──────── SUPPLIED MATERIAL
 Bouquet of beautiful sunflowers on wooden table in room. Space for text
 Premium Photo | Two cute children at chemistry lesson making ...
────────────────
──────── SUPPLIED MATERIAL
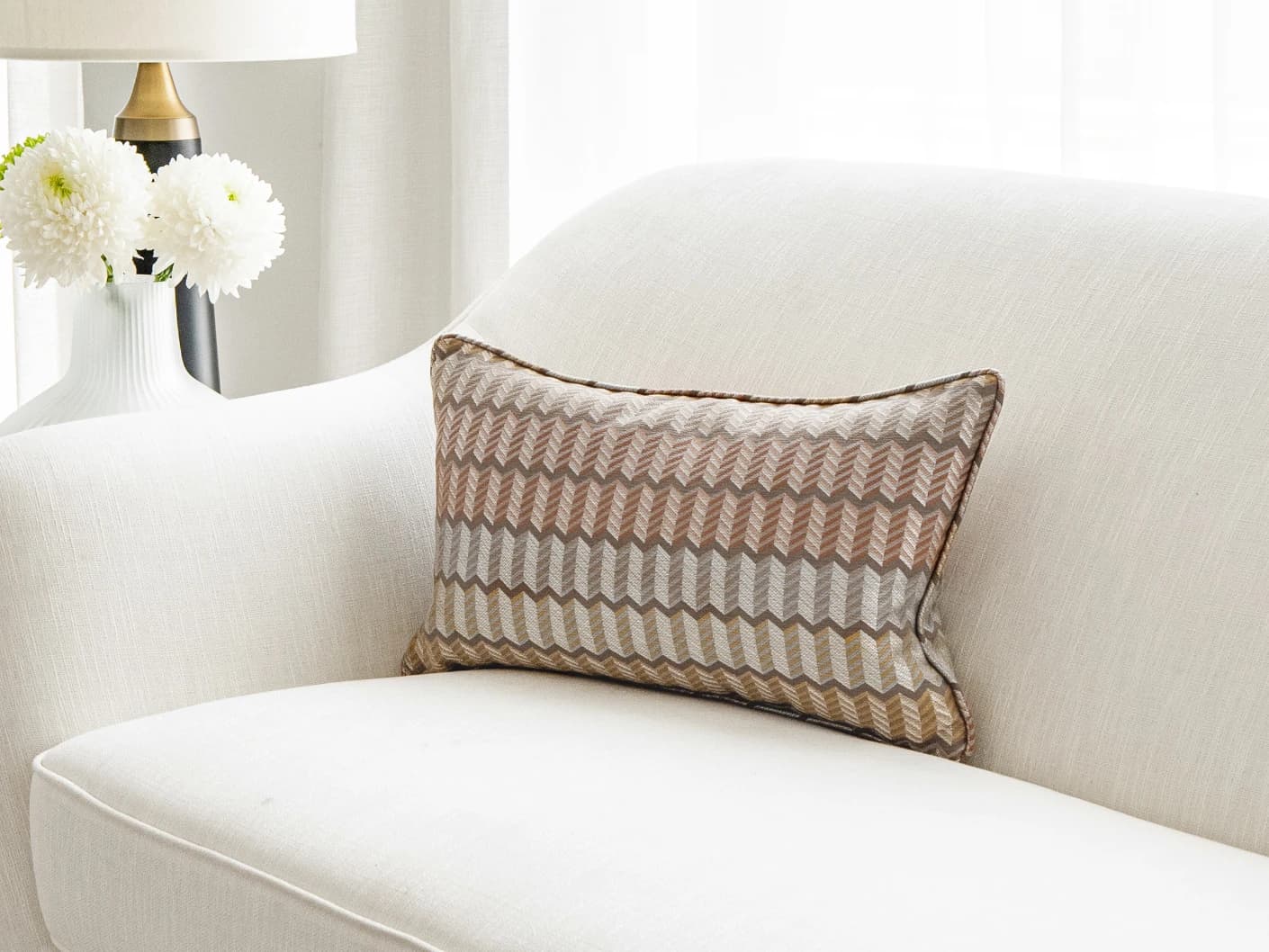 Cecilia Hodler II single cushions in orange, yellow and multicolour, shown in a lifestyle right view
────────────────
WORK TO COMPLETE
In the material above, find the line containing "Bouquet of beautiful" and the line containing "Premium Photo |", then write out exactly those two lines and every line between them, and nothing more.

EXERCISE RESULT
 Bouquet of beautiful sunflowers on wooden table in room. Space for text
 Premium Photo | Two cute children at chemistry lesson making ...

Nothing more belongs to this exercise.